It struck me that I ought to explain a little bit about why we cheer for the teams we do. Well, in part, it’s because I thought we ought to, and I’m the one of us most capable of complex thought and logic. But also, each team has a special something that captures part of what I love about life, and part of what makes you who you are.
So periodically (like during international breaks, long summer holidays, or say, global pandemics that completely alter everything we understand about our lives and ourselves), I want to introduce you to the teams we are tied to.
Our tenth team to meet is a team that embodies the hope and optimism in a new vision of the future, Ghana’s Legon Cities FC.
Dear Boys,
Wherefore Legon?
Across the Atlantic, there’s hope and opportunity. That’s what your European relatives thought before they left Scotland, Norway, Serbia, and Germany (via Russia) to come to the United States.
They had hope because others were taken and brought across the same water without hope. Our opportunities were paid for, in part, with the blood and pain of others from Africa.
Centuries later, we can find opportunities for both ourselves and some of those most harmed by slavery. Africa is a continent of hope. Ghana is a country of invention and imagination. Legon is a city where the future comes to be real.
I studied in Legon during college. I made new and vital friends, read a lot of great literature, studied with excellent professors and poets, and taught amazing students. I enjoyed it so much, I did it again 5 years later. Legon is a special place. It is the future of a growing nation, and will help shape the future of our changing world.
Who is Legon Cities?

A few years ago Ghanaian football was in trouble. Leaders in the country shamelessly solicited bribes. The league was plagued with allegations of cheating. And money for investment was scarce.
Enter Richard K. Atikpo.
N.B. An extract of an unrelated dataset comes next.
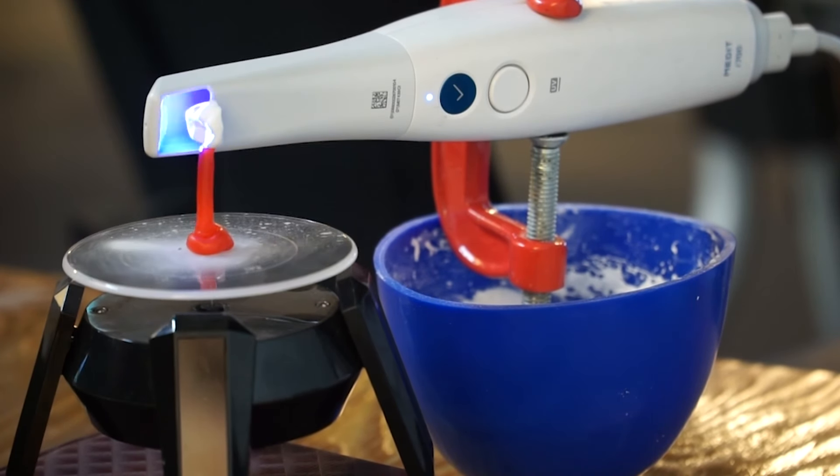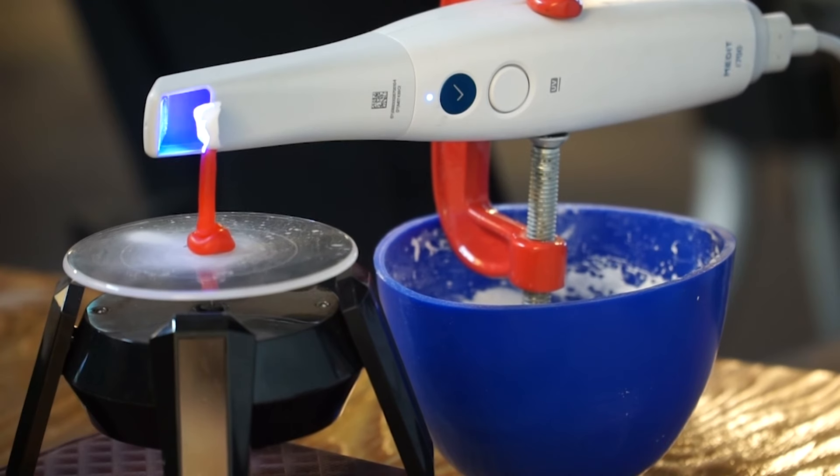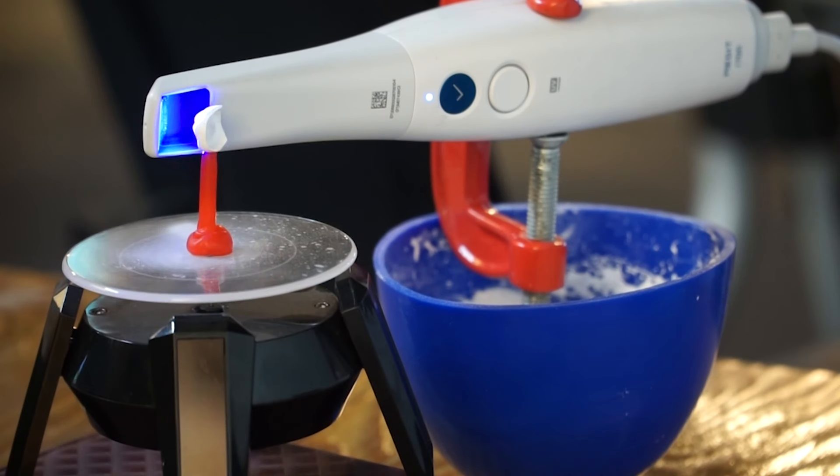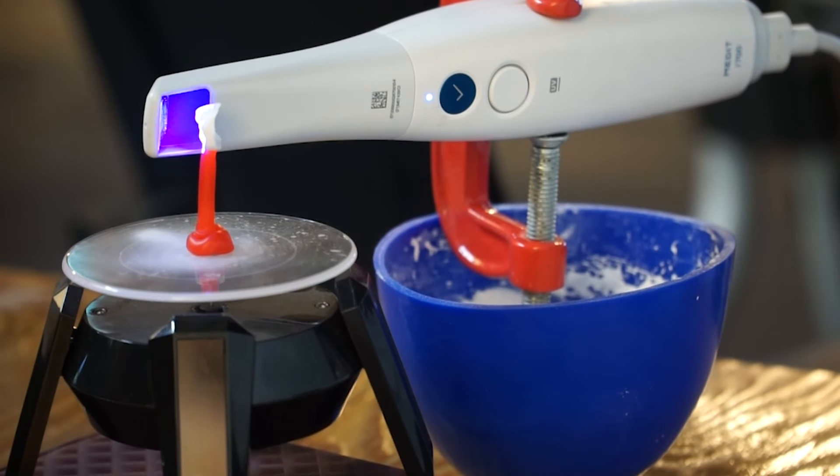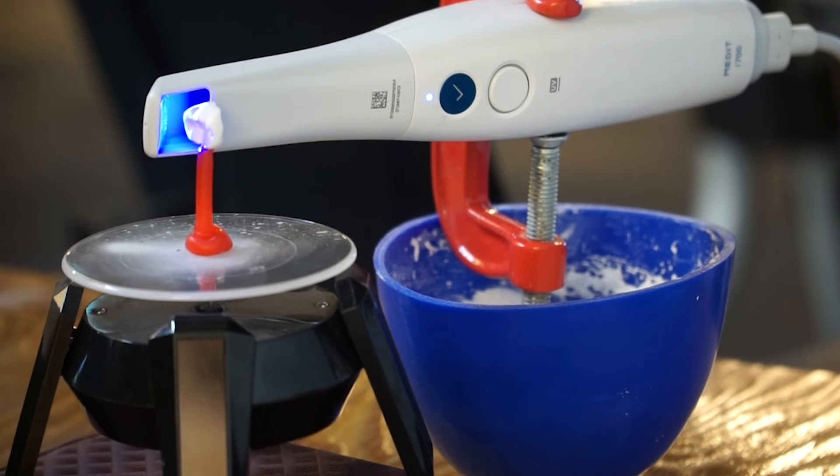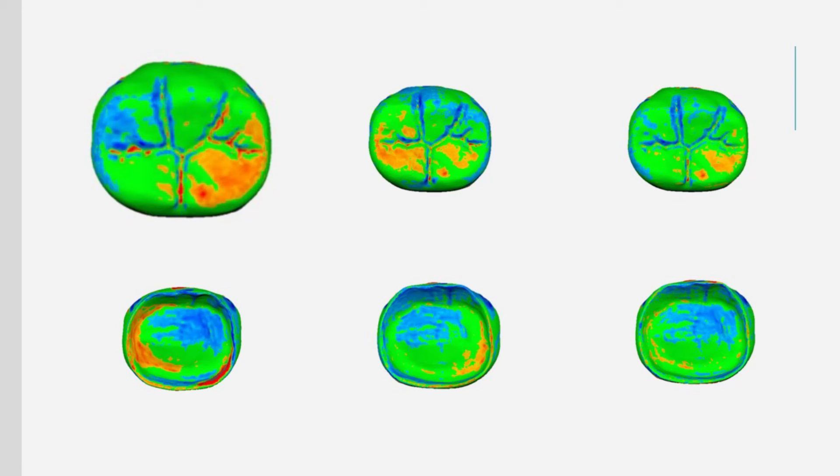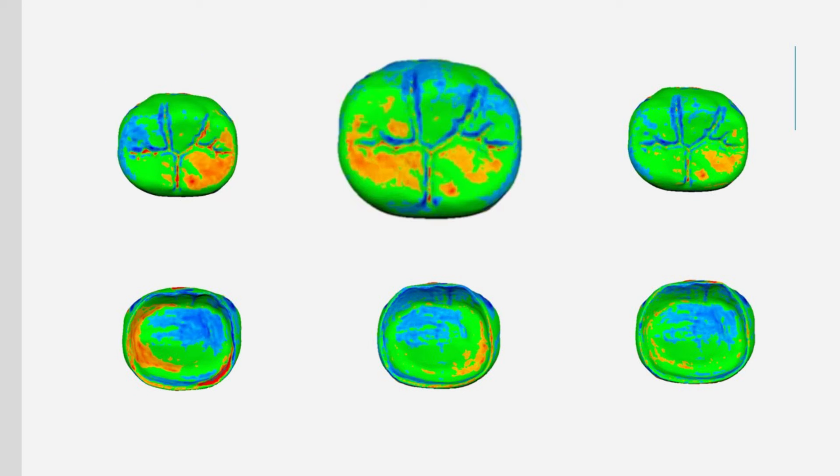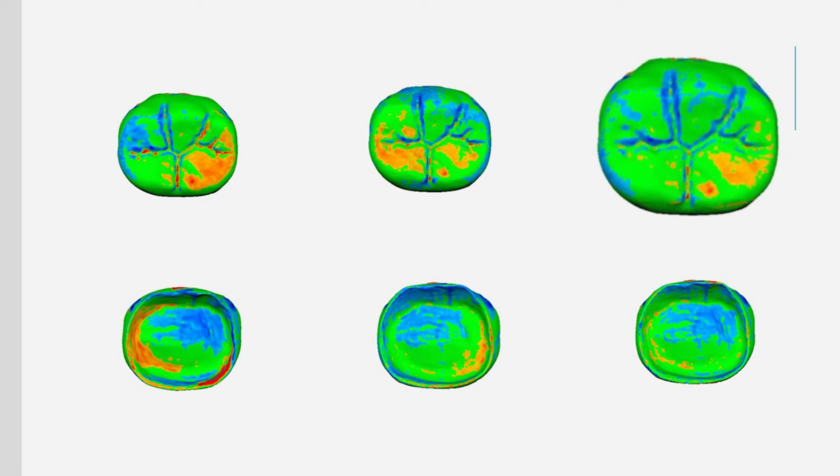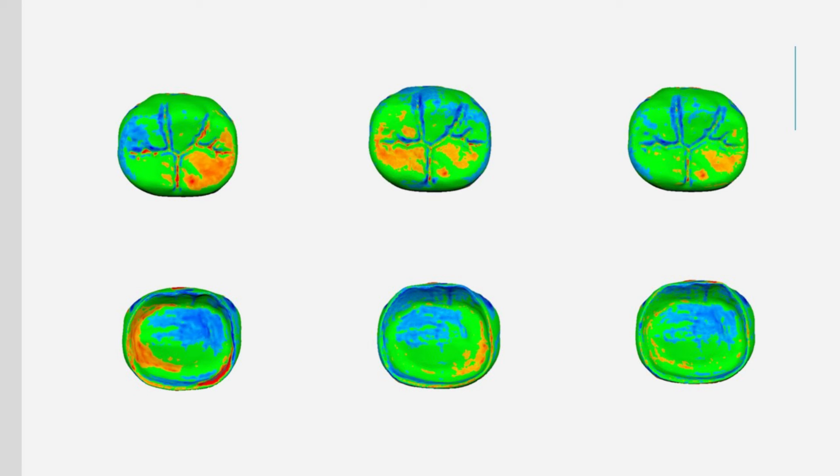As long as you keep a constant focal length, I think it's better to scan without interruption to reduce errors. On the left is the result of scanning with a gloved hand. In the middle is the result of scanning the wax with the handle. On the right is the result of scanning with the scanner fixed on a turntable. You can see that the results improve as you proceed from left to right.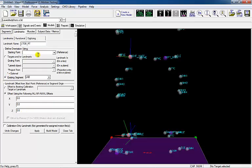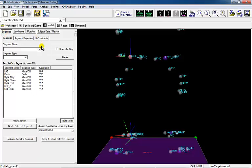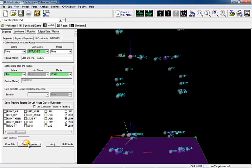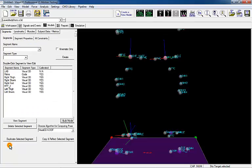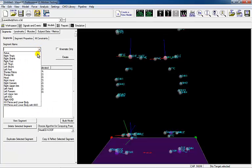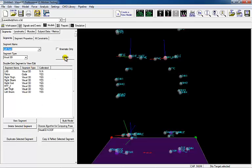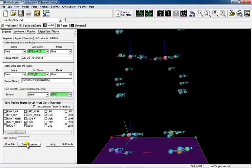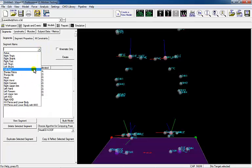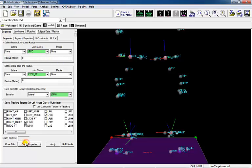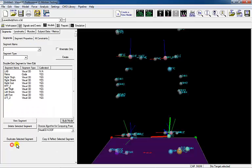The left virtual toe target should be on the plane created between the calcaneus and metatarsals markers, projected from the left toe target. Create the left shank segment and select Guest Properties. Once the options have been auto-populated, check that the distal and proximal ends of the segment, as well as tracking markers, have been identified correctly. Create the left foot segment and select Guest Properties. Once the options have been auto-populated, check that the distal and proximal ends of the segment, as well as tracking markers, have been identified correctly. Create the left kinematic foot by creating a second foot segment and selecting Guest Properties. Once the options have been auto-populated, check that the distal and proximal ends of the segment as well as tracking markers have been identified correctly.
A well heeled oil tycoon, he swooped in to buy Wa All Stars, a northern team whose prior owner was in a heap of trouble, and move them to the Accra area, rebranding them Legon Cities.
In doing so he sought to build and brand a new kind of team in Ghanaian football. A team with as much flash and flair as a rock concert and as much ambition as the biggest sides in the game.
How are we Legon Cities?
It’s not that we have flash and flair. It’s not that we’re changing the game. But when the future comes to bear, Legon Cities is a symbol of what we aspire to do.

When you have to face the future, approach it as an opportunity to seize not a challenge to be feared.
Ghana is going to shape the coming century. All of Africa will too. Our countries will become more diverse, more connected with the wider world. When they do, we ought to be Legon Cities. Accept the change and make the most of it.
We can say that we’ve backed Legon Cities from their start, even though that start was just a year ago. They’ll be near the future of football. I hope we are near the future of our world too.